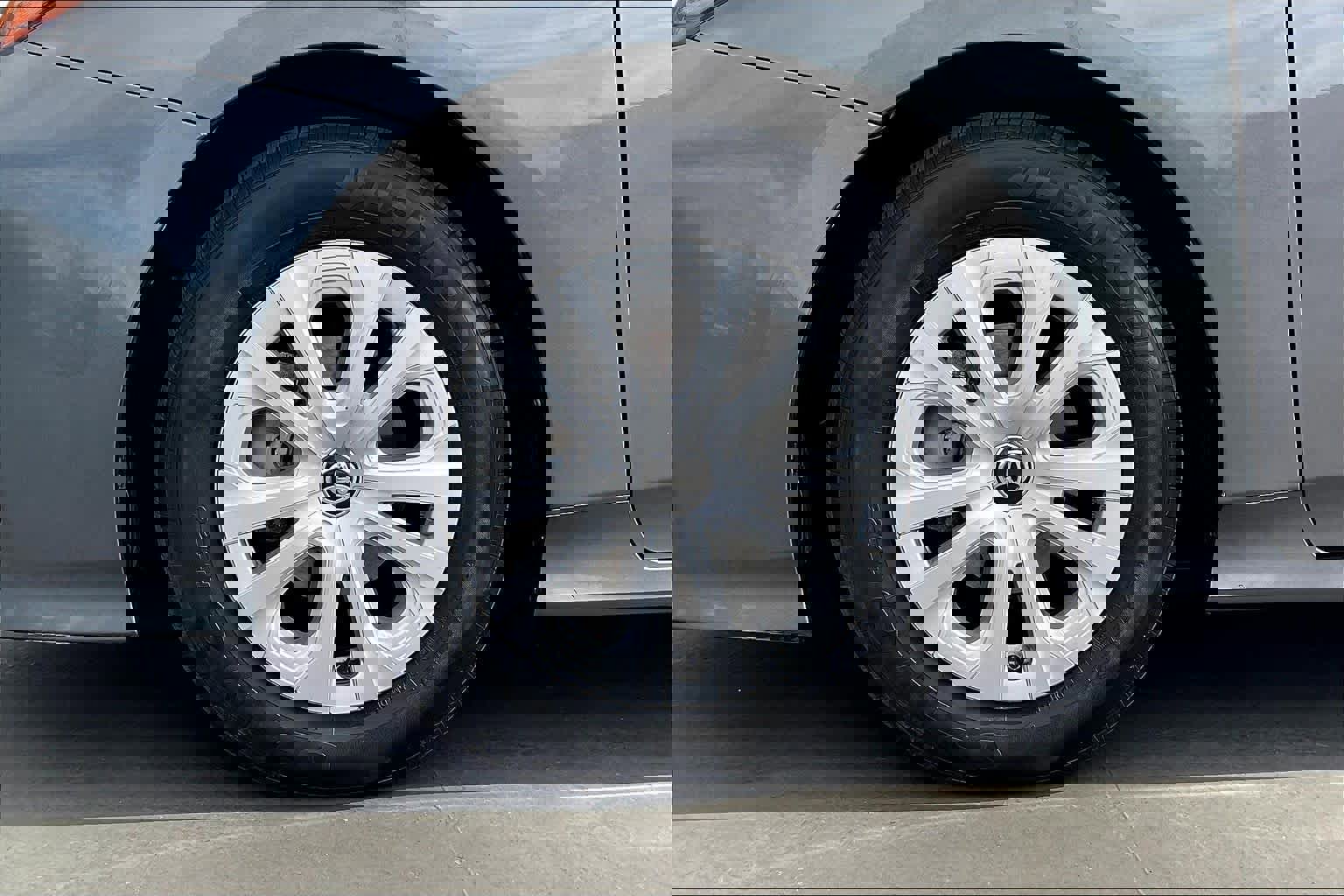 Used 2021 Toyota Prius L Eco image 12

______

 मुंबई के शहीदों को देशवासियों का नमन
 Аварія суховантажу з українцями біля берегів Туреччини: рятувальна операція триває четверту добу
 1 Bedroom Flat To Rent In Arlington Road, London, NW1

______

Would you output, from the records above, exactly the run of lines that starts at the line containing "Аварія суховантажу з" and ends at the line containing "1 Bedroom Flat", and only that run?

### RESPONSE
 Аварія суховантажу з українцями біля берегів Туреччини: рятувальна операція триває четверту добу
 1 Bedroom Flat To Rent In Arlington Road, London, NW1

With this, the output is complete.